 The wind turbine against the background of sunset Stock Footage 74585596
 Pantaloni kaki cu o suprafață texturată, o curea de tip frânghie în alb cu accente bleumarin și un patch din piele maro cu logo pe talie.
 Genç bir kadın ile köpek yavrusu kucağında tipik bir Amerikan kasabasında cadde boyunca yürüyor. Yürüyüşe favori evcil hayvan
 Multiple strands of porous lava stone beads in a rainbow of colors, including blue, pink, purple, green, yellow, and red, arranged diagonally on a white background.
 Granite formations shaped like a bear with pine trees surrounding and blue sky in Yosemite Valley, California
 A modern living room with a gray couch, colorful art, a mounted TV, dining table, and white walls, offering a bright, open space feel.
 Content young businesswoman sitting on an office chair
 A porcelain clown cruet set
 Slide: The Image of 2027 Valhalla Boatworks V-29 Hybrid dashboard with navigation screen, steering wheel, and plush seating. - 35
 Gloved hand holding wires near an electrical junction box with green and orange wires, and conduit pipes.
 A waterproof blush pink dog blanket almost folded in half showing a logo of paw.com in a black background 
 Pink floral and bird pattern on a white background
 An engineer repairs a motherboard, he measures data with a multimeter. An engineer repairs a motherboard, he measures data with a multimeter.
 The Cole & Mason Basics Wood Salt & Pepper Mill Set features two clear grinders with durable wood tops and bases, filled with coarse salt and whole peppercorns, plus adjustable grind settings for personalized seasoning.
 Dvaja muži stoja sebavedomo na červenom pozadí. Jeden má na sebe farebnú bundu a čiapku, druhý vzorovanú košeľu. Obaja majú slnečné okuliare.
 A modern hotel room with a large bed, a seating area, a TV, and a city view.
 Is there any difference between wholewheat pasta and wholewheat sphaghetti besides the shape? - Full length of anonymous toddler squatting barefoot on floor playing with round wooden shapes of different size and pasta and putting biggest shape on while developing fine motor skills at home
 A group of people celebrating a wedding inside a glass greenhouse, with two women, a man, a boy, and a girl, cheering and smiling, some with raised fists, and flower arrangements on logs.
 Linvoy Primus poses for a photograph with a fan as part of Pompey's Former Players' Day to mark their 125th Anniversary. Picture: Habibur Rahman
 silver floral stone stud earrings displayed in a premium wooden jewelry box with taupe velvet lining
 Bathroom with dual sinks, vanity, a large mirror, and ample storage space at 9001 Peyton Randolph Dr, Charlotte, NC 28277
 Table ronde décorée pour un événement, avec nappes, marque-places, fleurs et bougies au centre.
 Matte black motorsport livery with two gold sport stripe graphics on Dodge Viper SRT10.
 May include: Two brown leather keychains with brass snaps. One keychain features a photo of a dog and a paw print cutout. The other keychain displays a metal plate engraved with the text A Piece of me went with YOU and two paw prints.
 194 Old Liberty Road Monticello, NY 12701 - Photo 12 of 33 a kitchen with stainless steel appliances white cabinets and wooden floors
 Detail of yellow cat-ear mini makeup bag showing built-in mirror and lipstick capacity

○ ○ ○

EXERCISE: Wherever the string "wooden" appears in a line of the records, copy that line.

SOLUTION:
 Is there any difference between wholewheat pasta and wholewheat sphaghetti besides the shape? - Full length of anonymous toddler squatting barefoot on floor playing with round wooden shapes of different size and pasta and putting biggest shape on while developing fine motor skills at home
 silver floral stone stud earrings displayed in a premium wooden jewelry box with taupe velvet lining
 194 Old Liberty Road Monticello, NY 12701 - Photo 12 of 33 a kitchen with stainless steel appliances white cabinets and wooden floors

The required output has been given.